The amazing thing, though, is when I hit practice time at the end of these days, or begin with practice in the mornings after ridiculously little sleep, I feel great. Better than any other point throughout the rest of the day. Not just happier, though there is that, but more energized and alert. The fatigue and the aches all disappear for the entirety of the practice. Part of it is psychological, I'm sure; I'd much rather be enjoying the hover action on a natural spin turn than explaining university insurance policy for the umpteen-billionth time to an exchange student who gets thrown head-first into the quagmire that is the American insurance system.* But it goes beyond psychology or even psychosomatic response. First law of thermodynamics aside, there's more energy after I dance.

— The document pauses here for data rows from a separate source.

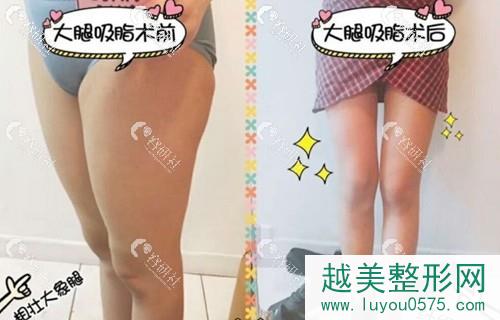 北京薇琳桑建波大腿吸脂案例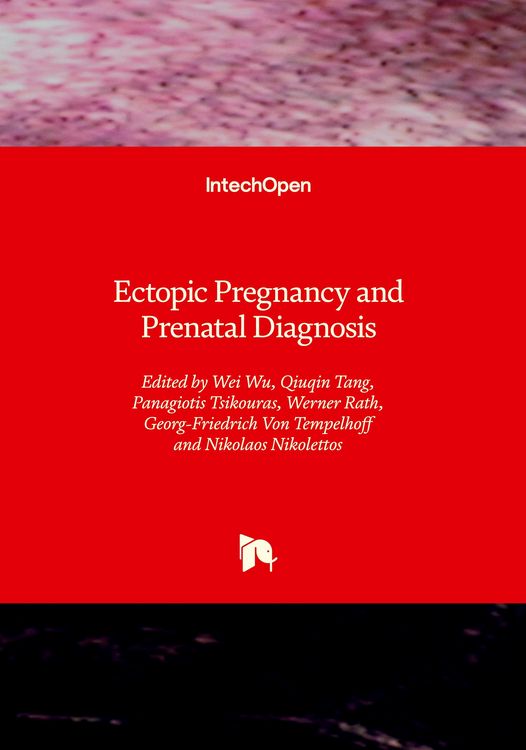 Produktbild: Ectopic Pregnancy and Prenatal Diagnosis
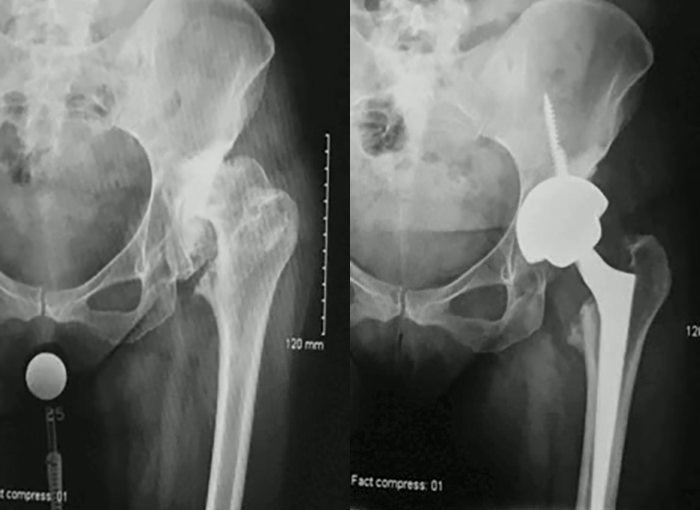 Jeune femme atteinte de dysplasie de la hanche gauche et d'arthrose sévère.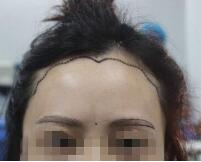 太原丽都植美人尖效果如何 有没有风险
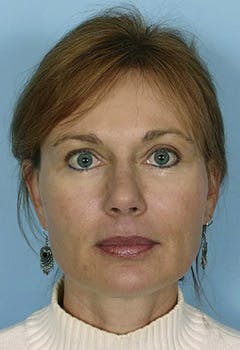 full face fat transfer after front in texas full face fat transfer after front in texas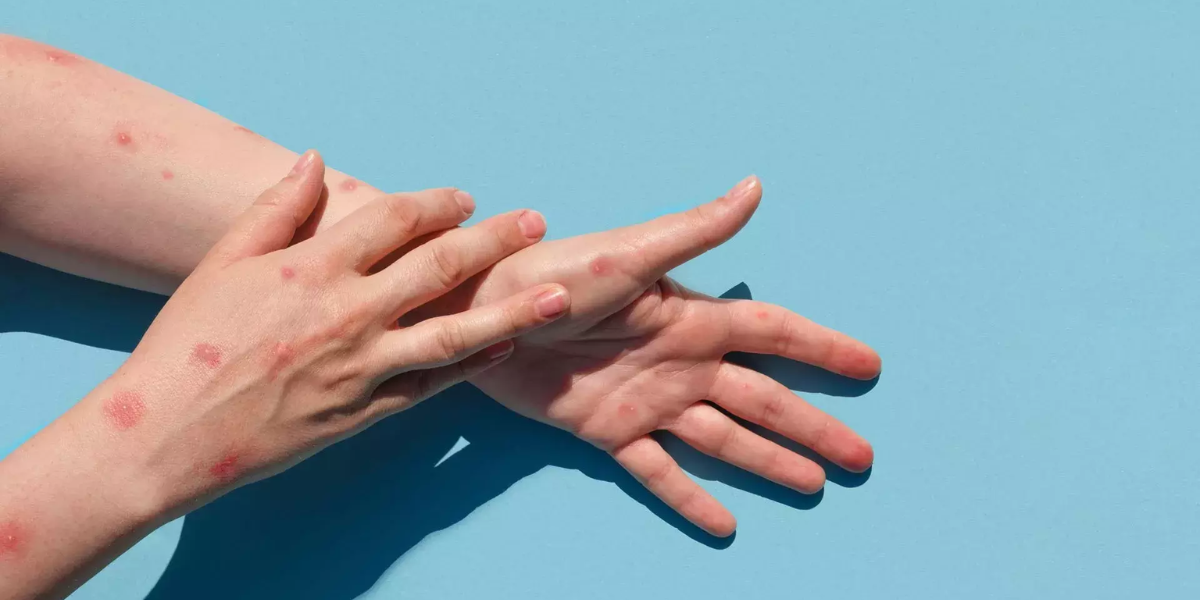 Las lesiones en la piel, síntoma característico de la viruela del mono.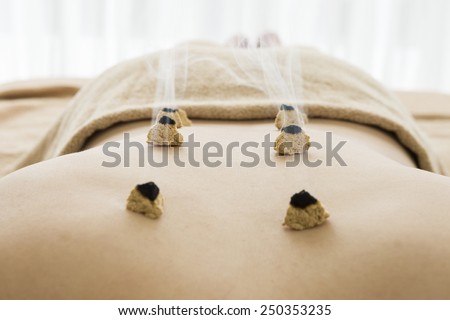 Back of the woman that moxibustion was arranged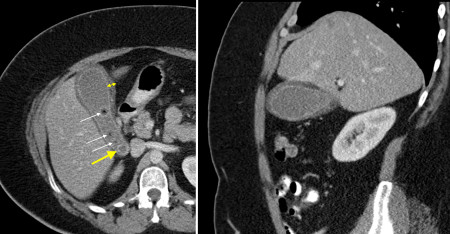 Acute cholecystitis on CT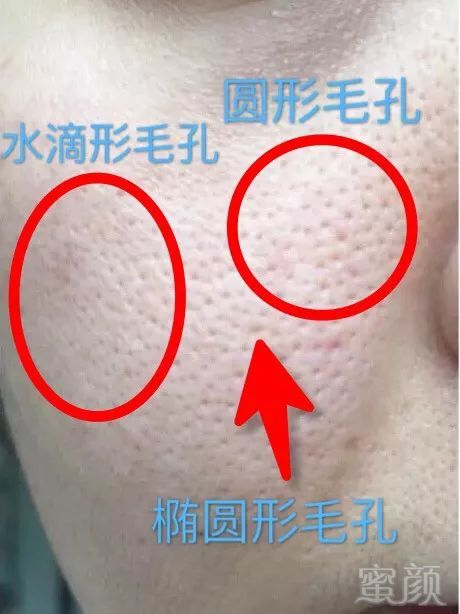 https://img.miyanlife.com/mnt/timg/180801/1144505391-11.jpg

Has anyone else experienced this?

* To all you foreign readers: it really is just as painful and idiotic as you've been told. Worse, even.
 
Yes!

I work a full time job and have an hour and fifteen minute commute, so I also usually have lessons and practice at the very end of the day. Sometimes I leave my house at 7:15/7:30 in the morning and I don't get home until 11 at night.

And yet, I've told people this as well: I can be super tired during the afternoon, but a little dinner and a good lesson or practice and I forget that I've been tired all day. It's not even so much a dancing high or anything like that, but that the focus and movement and involvement takes everything else away.
 
Me too! Last Tuesday, I had a coaching session--after only just over 4 hours of sleep. I danced with a great serenity--and a lot of control. (Waltz and Tango.)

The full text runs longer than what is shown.